Collaborative Drug Discovery recently received a Phase I Small Business Innovation Research grant from the National Library of Medicine that it will use to develop a method of securely sharing in silico drug models that can be used to predict the absorption, distribution, metabolism, excretion, and toxicity of possible treatments for tuberculosis.

Barry Bunin, president and CEO of CDD, told BioInform that the company will use the funding, worth $150,000, to build a new module onto its existing drug-discovery platform, CDD Vault, that will allow customers to selectively share drug models without disclosing proprietary chemical structures.

In addition, CDD plans to incorporate open source cheminformatics modeling components into its platform with which users can build their models in the second phase of the project, he said.

As an example of the potential for the new capabilities, Bunin explained that a pharmaceutical company could build models based on proprietary information and then use CDD Vault to test them on data from potential collaborators without revealing any sensitive data.

CDD's current platform is "very good for securely collaborating in terms of being able to partition or selectively share [IP-sensitive] data with collaborators … before publications and patents," Bunin said. With this grant, CDD plans to "take the exact same concept and extend it to model the meta information based on the data without sharing the underlying data."

IP-sensitive data is similar to patient data in terms of security concerns, Bunin said. With patient data, "you have to make sure that it's de-identified two ways so you can't accidentally find the person by zip code and age. It’s a similar concept here."

He added that the new capabilities will allow researchers to "share a model based on the patterns in the data" that could be used to explore which molecules are effective for a particular disease and which aren’t, for example.

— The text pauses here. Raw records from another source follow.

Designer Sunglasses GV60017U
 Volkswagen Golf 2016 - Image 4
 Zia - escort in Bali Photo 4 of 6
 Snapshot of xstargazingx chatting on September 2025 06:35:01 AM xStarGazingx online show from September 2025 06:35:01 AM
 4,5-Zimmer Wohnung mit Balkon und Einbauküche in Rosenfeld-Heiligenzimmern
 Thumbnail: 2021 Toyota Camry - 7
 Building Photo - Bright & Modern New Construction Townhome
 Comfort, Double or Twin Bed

Bunin said the company expects its new infrastructure to encourage drug companies and research groups to collaborate with each other while keeping sensitive data protected — a goal that lines up with those of the Pistoia Alliance, a consortium of pharmaceutical firms and other groups that aims to improve pharmaceutical R&D informatics (BI 7/29/2011).

In fact, Sean Ekins, CDD's collaborations director, was voted on to Pistoia's board of directors earlier this month.

Furthermore, these models could help research groups working on "neglected diseases and orphan indications," which larger pharmaceutical companies have historically "ignored" because they aren’t seen as "highly profitable opportunities," CDD's grant abstract states.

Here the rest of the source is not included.